特殊な検出器
出典: フリー百科事典『ウィキペディア(Wikipedia)』 (2021/12/15 23:27 UTC 版)
「ガスクロマトグラフィー」の記事における「特殊な検出器」の解説
ECD(Electron Capture Detector, 電子捕獲型検出器) 63Niなどのβ線源を用い、親電子性化合物を極めて鋭敏に検知するものである。キャリヤーガスとして通常は窒素を用い、検出電極部で窒素にβ線を当てて電子を放出させる。この状態を基準電圧とする。親電子性化合物が検出部を通過すると電子は親電子性化合物に吸着され、これを補償するために電極部に補償電圧がかかる。この補償電圧を検出することによって親電子性化合物を検出する。特に超微量のハロゲン化合物やニトロ化合物の検出に威力を発揮し、ダイオキシン類やPCBの定性・定量やニトロ化合物を有する爆薬などの感知(テロ防止など)に用いられる。欠点としては、β線源を必要とするために放射性物質特有の注意・管理が必要であることが挙げられる。 FPD(Flame Photometric Detector, 炎光光度検出器) 物質を水素炎中で燃焼することによって発生する光を検知するものである。FIDと原理は似ているが、FPDは燃焼によって発生する特定波長の光を感知することによって検知している。水素の還元炎中で硫黄化合物が燃焼すると394nm、リン化合物が燃焼すると526nmの光が発生する。
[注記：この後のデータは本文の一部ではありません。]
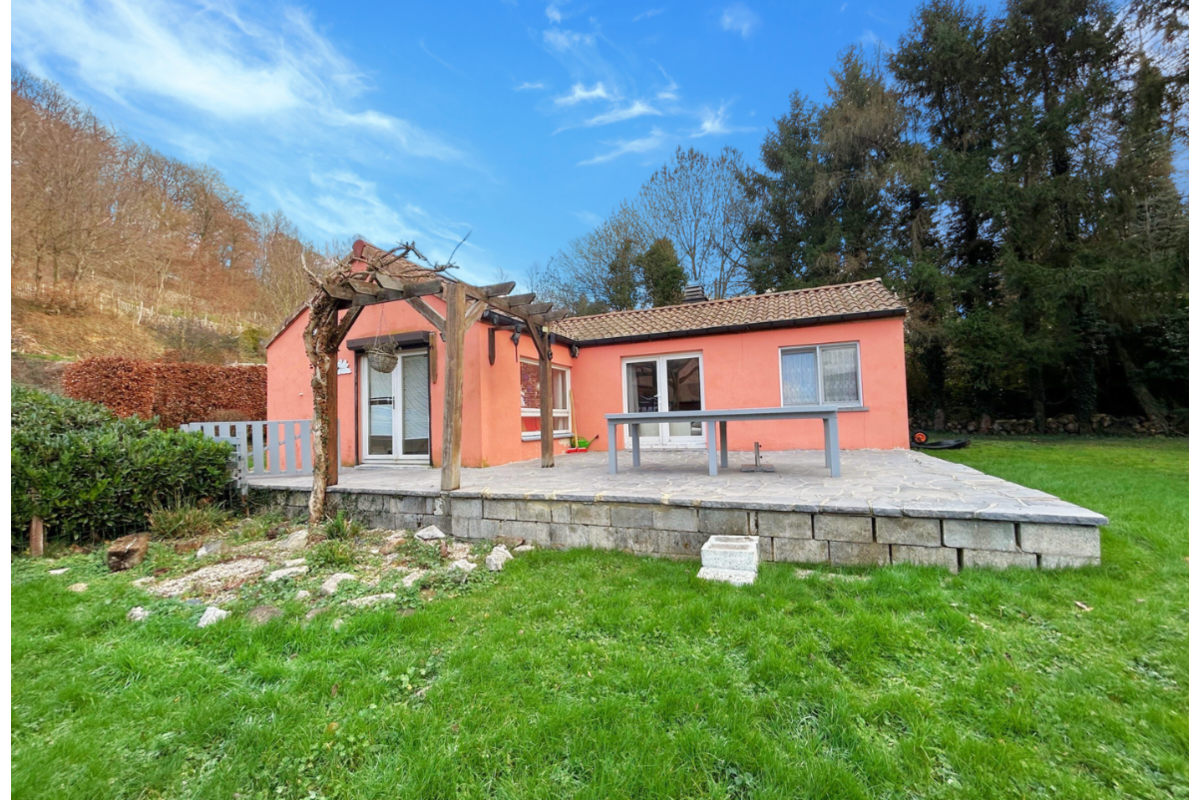 Maison à vendre à Dave 5100 210000.00€ 1 chambres 60.00m² - annonce 658519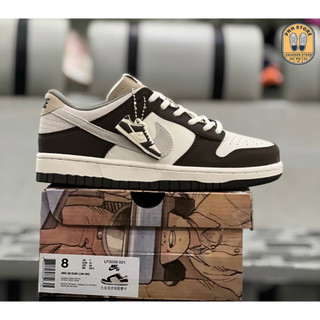 Giày Thể Thao Nike SB Dunk Low (Chính Hãng-Fullbox)
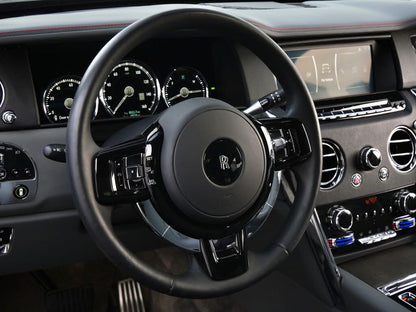 2023 Rolls-Royce Cullinan AWD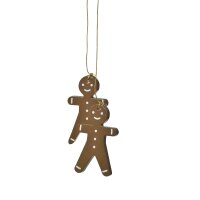 KWO Baumbehang Pfefferkuchenm&auml;nnchen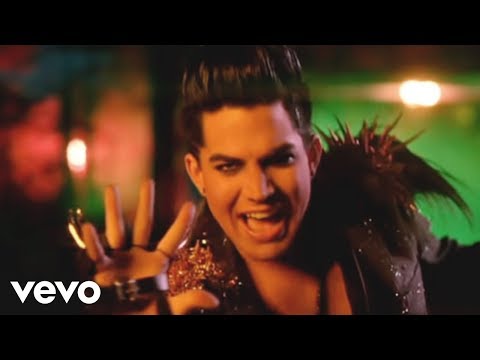 Текст песни Adam Lambert - If I Had You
バンドパスフィルタを通すことによってこれらの波長の光のみを光電管に当て、発生した電流を検知する。リン化合物や硫黄化合物、スズ化合物の分析に用いられる。あまり感度が高くないことが欠点である。 特殊な例として、ガスクロマトグラフと質量分析装置を直結した GC-MS(ガスマス)がある。ほぼあらゆる物質を検知でき、クロマトグラムとマススペクトルが同時に得られるため、各ピーク成分の同定がきわめて容易となり、特に有機化学の分野で多用されている。また、ガスクロマトグラフとフーリエ変換赤外分光器を直結した GC-FTIR も各ピーク成分の同定の目的で使用される。ただしGC-MSと比べると相当感度が低い。